*INFORMATION PROVIDED:*
------------------------------------

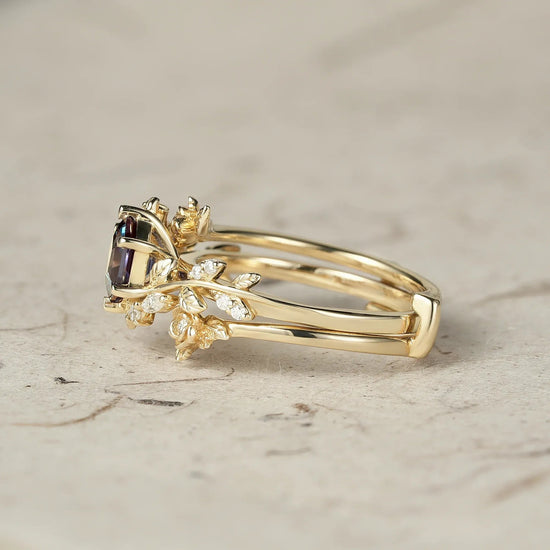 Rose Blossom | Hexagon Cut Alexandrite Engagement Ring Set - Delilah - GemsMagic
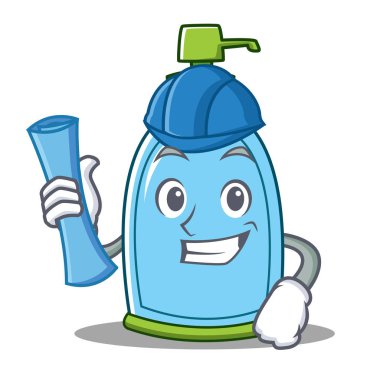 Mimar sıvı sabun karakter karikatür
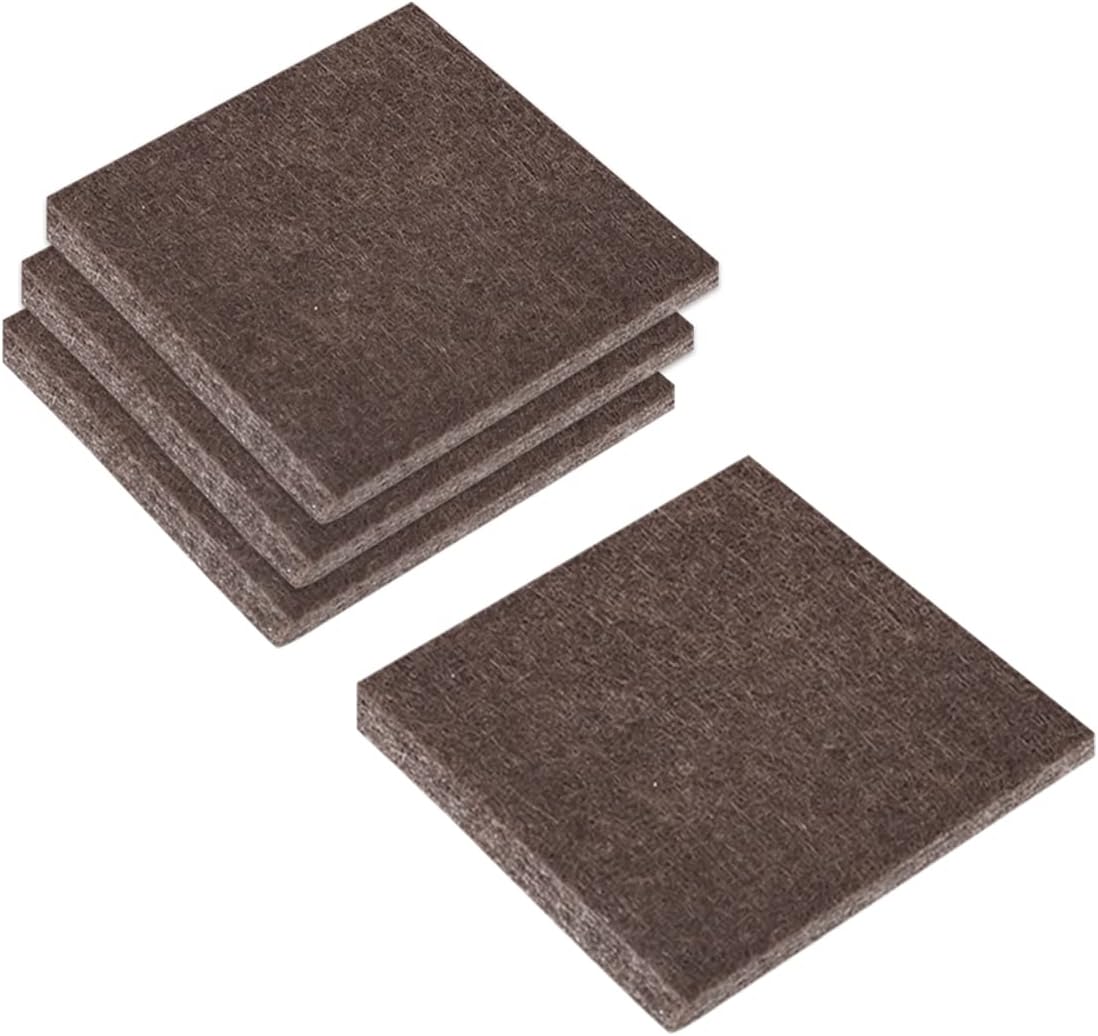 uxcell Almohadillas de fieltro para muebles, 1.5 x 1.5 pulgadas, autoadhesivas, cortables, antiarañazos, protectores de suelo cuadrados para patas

------------------------------------

*WHAT TO DO:* Restate every line of the data above word for word, with the images removed.

*YOUR RESPONSE:*
 Rose Blossom | Hexagon Cut Alexandrite Engagement Ring Set - Delilah - GemsMagic
 Mimar sıvı sabun karakter karikatür
 uxcell Almohadillas de fieltro para muebles, 1.5 x 1.5 pulgadas, autoadhesivas, cortables, antiarañazos, protectores de suelo cuadrados para patas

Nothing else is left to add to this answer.